Pero no sólo ellos. A veces – ¡qué pena! – se suman también los candidatos, sobre todo aquellos a quienes con frecuencia se les suben las ideas a la cabeza y empiezan de pronto a creerse pensadores, fundadores de corrientes supuestamente ideológicas, cuya trascendencia doctrinaria se agota en unas cuantas frases repletas de lugares comunes y verdades de Perogrullo. “Filósofos” de provincia, “ideólogos” de campanario, diseñados más para el circo que para la tribuna. Se erigen en una especie de “sabios de la antigua Grecia” que todo lo saben, todo lo entienden y, por supuesto, todo lo resuelven. Y, de paso, todo lo contaminan con su afán de desacreditar al otro y demostrar su real o supuesta superioridad doctrinaria…
He visto recientemente un vídeo en el que un viejo campesino, apenado, casi intimidado por el acoso de una activista, vacila y pregunta, entre ingenuo y temeroso, “¿Cómo es, cómo tengo que decir…cuál es el nombre…?”, mientras la furibunda activista, haciendo puntos ante su político empleador, le responde, aleccionadora, condescendiente: “votaré por Juan Orlando…así es como debe decir…”. El campesino repite esas palabras, vacilante todavía, mientras al fondo se escucha la risa incontrolada de un niño a quien le divierte, sin duda, ver a su abuelo en aprietos. Al pie del declarante, en el piso de tierra de la humilde vivienda, está la llamada “bolsa solidaria”. Así es como se obtiene la deseada “aprobación popular” para el arbitrario continuismo disfrazado de reelección.

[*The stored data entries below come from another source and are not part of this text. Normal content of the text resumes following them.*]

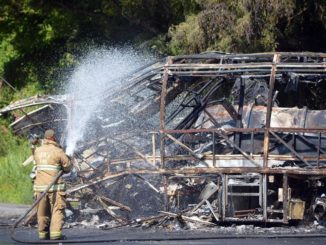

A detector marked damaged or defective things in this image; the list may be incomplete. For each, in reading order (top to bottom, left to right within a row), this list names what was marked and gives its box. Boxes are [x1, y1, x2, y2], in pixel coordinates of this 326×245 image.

fire damage [0, 51, 326, 230]
destroyed vehicle [1, 52, 326, 225] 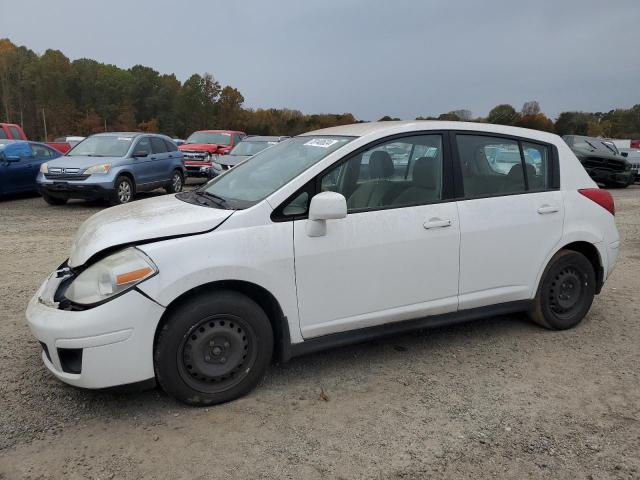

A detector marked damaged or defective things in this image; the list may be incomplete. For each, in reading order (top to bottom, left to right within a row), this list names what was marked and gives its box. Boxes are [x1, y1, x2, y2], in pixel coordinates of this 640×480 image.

red damaged car [179, 129, 246, 176] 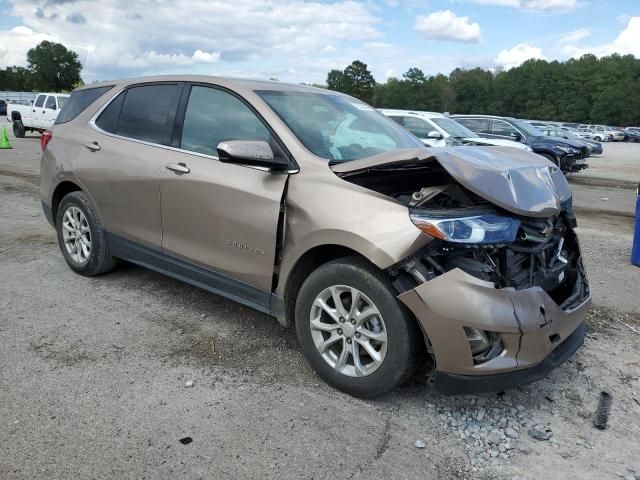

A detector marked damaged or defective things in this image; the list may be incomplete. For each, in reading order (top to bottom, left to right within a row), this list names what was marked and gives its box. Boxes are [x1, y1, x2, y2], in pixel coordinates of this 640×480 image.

damaged tan suv [40, 76, 592, 398]
crushed hood [332, 144, 572, 216]
exposed headlight assembly [410, 212, 520, 244]
damaged left headlight [410, 213, 520, 244]
crumpled front end [396, 212, 592, 392]
detached front bumper [400, 268, 592, 396] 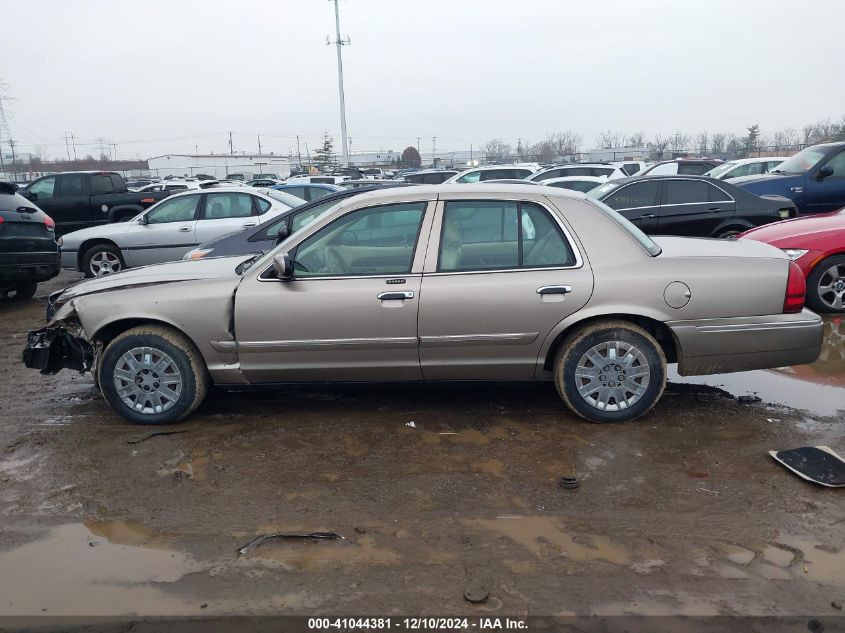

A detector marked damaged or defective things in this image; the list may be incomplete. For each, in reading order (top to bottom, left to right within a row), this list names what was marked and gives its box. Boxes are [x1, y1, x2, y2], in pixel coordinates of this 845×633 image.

damaged tan sedan [23, 186, 820, 424]
crumpled front bumper [21, 326, 93, 376]
headlight area damage [22, 320, 94, 376] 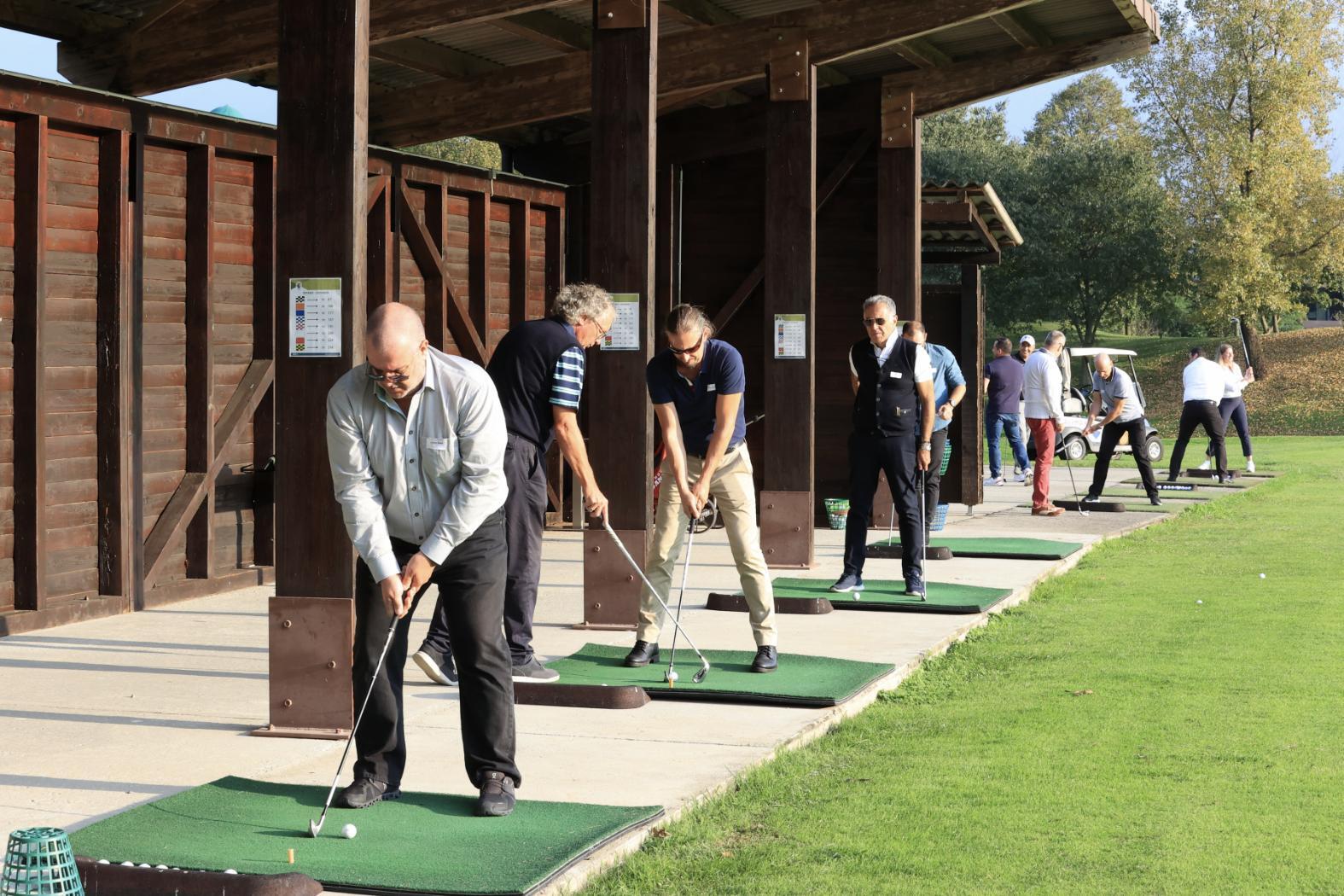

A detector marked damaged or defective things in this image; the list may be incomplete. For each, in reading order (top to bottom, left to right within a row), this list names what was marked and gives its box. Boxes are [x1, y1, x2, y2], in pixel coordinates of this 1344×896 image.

rusty metal plate [594, 0, 645, 28]
rusty metal plate [768, 28, 806, 101]
rusty metal plate [881, 82, 914, 150]
rusty metal plate [763, 492, 812, 567]
rusty metal plate [578, 529, 639, 628]
rusty metal plate [260, 599, 352, 741] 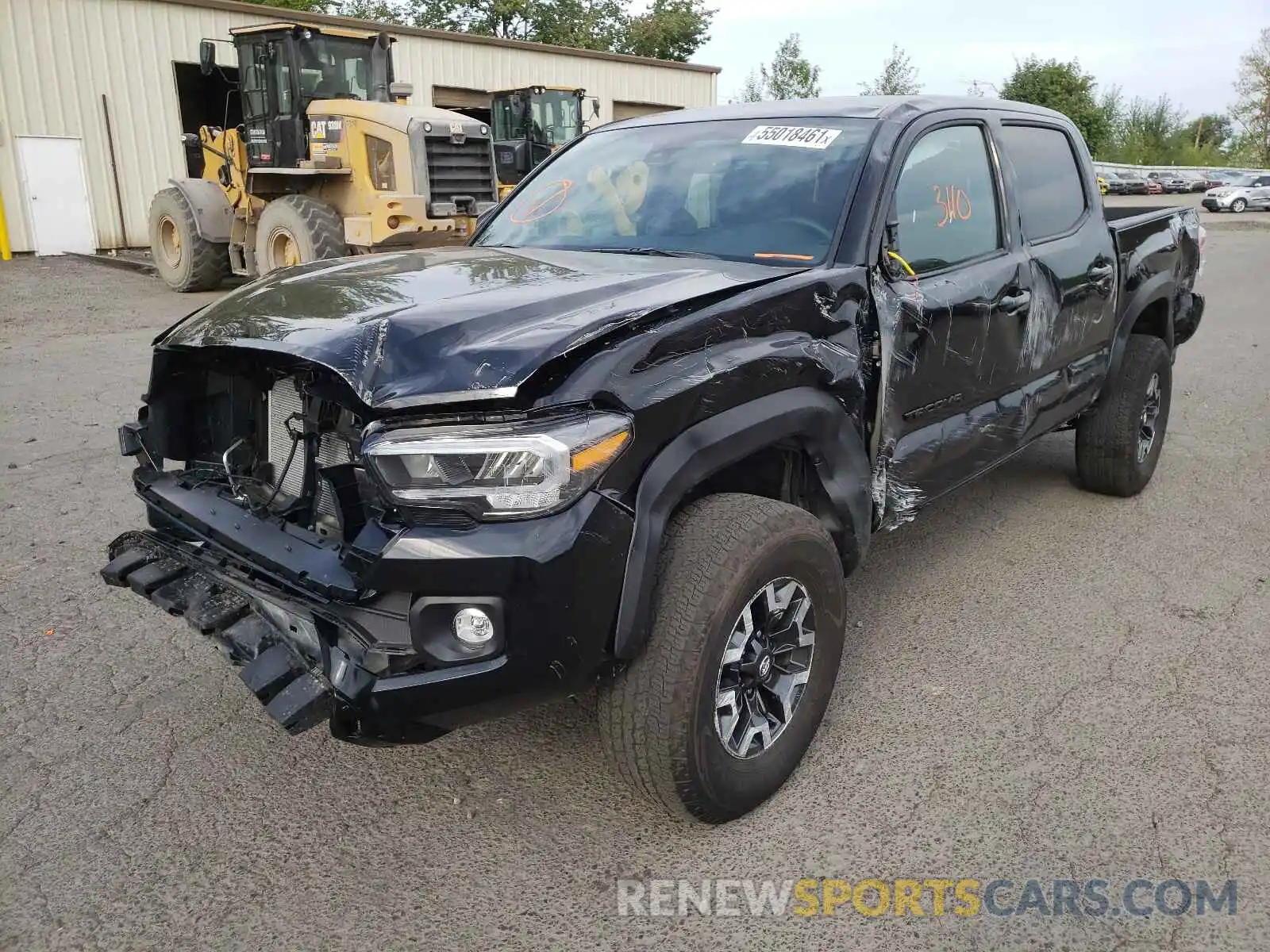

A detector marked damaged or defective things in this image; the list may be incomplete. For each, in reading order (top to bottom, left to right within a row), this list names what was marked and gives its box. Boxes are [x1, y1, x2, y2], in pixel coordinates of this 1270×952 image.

crumpled hood [163, 246, 778, 409]
broken headlight assembly [362, 409, 629, 520]
damaged black truck [102, 98, 1200, 825] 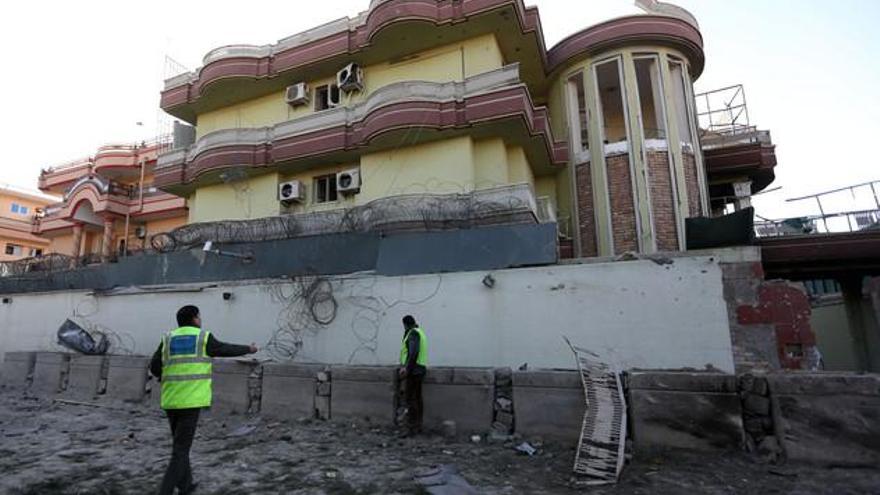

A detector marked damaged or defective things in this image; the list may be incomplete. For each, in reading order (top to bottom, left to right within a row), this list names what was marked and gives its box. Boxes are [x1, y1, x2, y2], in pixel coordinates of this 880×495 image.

broken window [314, 84, 342, 112]
broken window [568, 71, 588, 160]
broken window [596, 59, 628, 146]
broken window [632, 56, 668, 141]
broken window [672, 58, 696, 151]
broken window [314, 173, 338, 204] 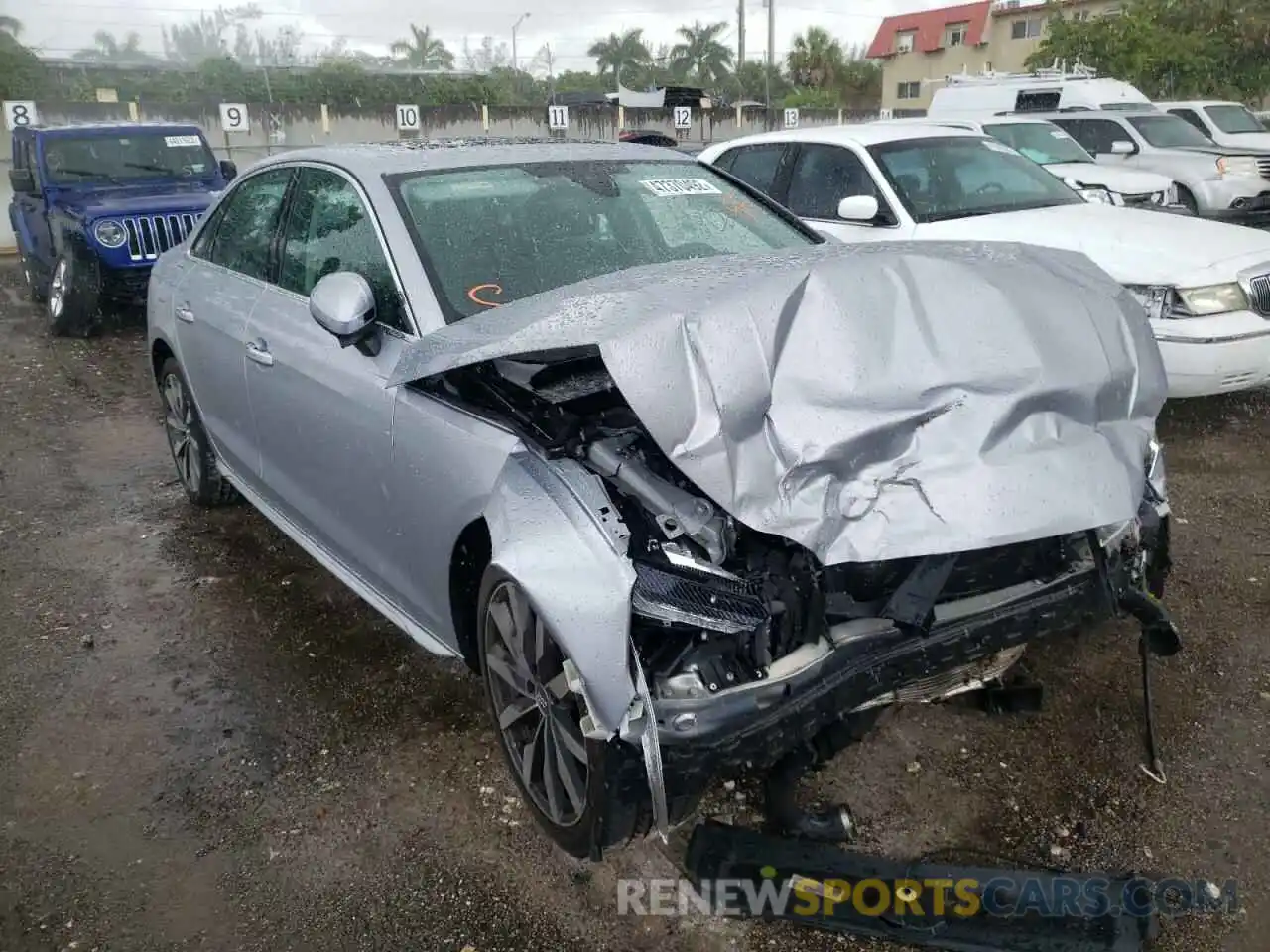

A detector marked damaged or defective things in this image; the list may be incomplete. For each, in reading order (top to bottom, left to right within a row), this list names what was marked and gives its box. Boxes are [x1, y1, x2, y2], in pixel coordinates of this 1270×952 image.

crumpled front hood [393, 242, 1167, 563]
broken headlight [627, 559, 762, 631]
crushed fender [683, 821, 1159, 948] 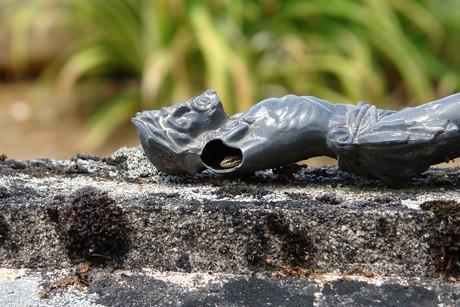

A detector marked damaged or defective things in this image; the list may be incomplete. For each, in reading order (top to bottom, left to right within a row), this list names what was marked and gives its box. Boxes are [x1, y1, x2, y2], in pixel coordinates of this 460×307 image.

broken statue fragment [132, 90, 460, 188] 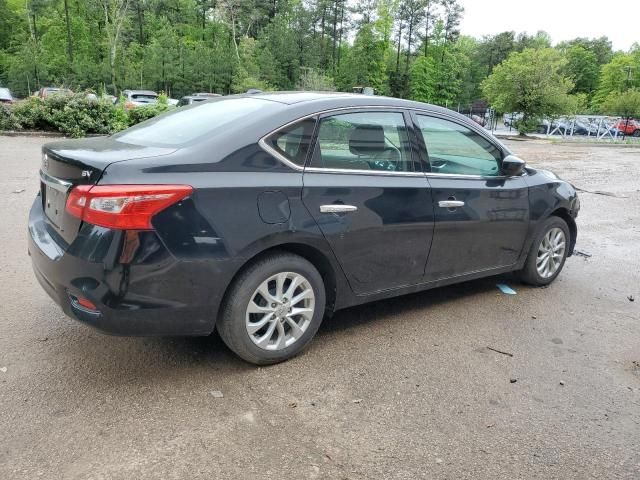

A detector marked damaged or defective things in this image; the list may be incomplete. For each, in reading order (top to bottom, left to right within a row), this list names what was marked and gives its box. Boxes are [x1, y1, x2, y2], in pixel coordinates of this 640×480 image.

cracked asphalt [0, 136, 636, 480] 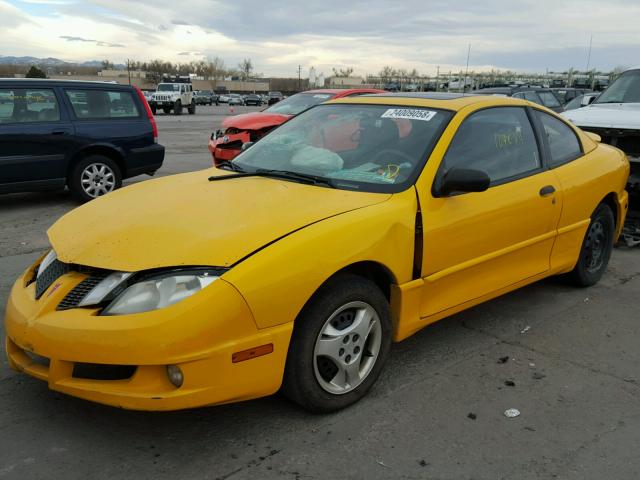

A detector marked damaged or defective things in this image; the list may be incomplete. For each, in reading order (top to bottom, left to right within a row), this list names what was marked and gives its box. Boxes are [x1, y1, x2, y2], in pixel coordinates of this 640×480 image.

red damaged car [208, 88, 382, 165] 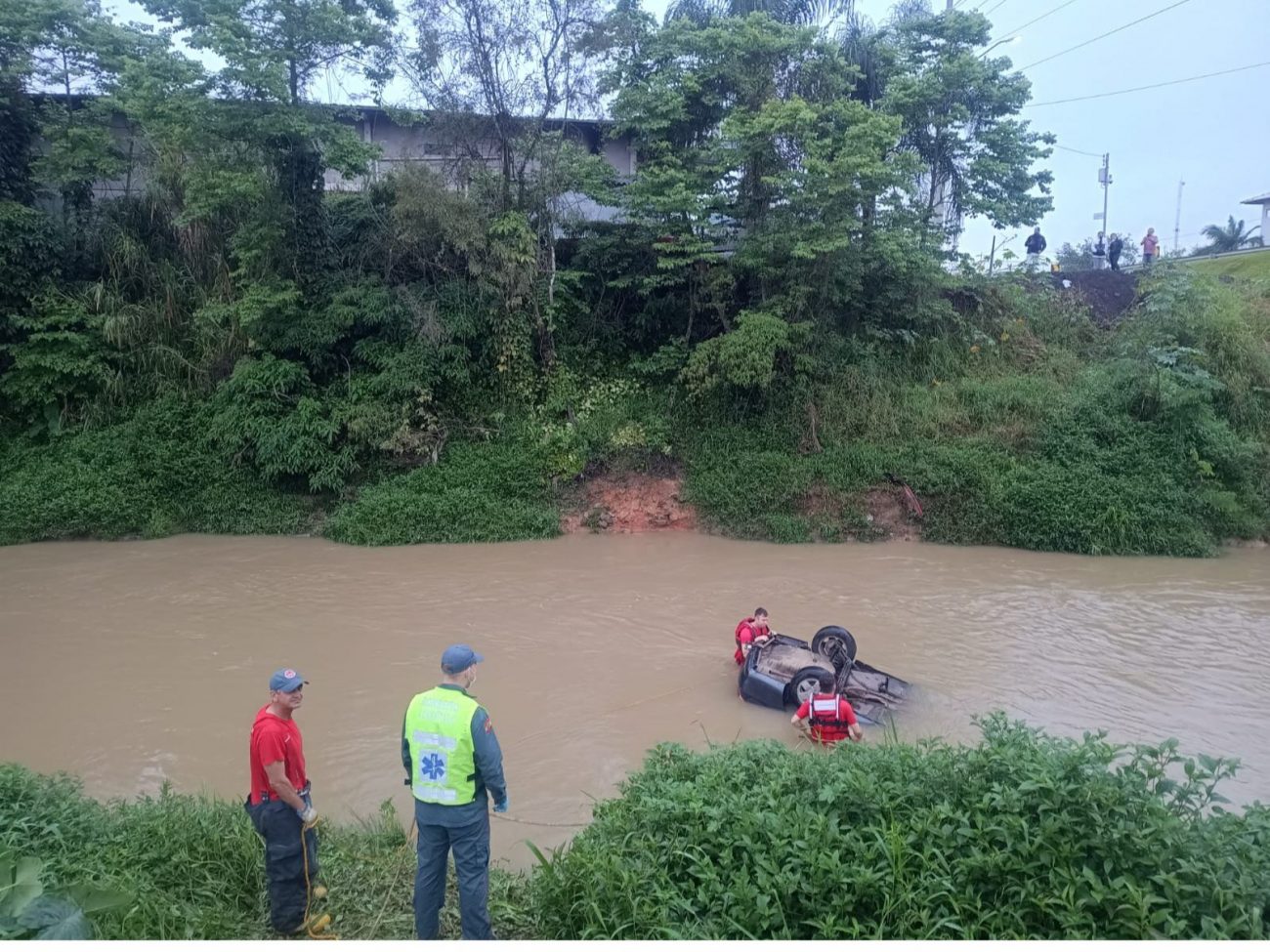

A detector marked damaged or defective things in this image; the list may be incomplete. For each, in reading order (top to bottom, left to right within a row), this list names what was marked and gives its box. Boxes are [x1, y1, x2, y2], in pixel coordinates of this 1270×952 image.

Veo otra vez el vídeo y pienso: ¡es que acaso no sienten ni un ápice de vergüenza los promotores de esta infamia, esta burla atroz que se aprovecha del hambre y la ignorancia del pobre campesino! ¡Es que acaso hemos llegado a un nivel tal de degradación moral y política, que perdimos ya la más elemental consideración por la condición humana? A lo mejor la risa del niño, en medio de su inocencia no contaminada, sea la mejor respuesta a estas preguntas.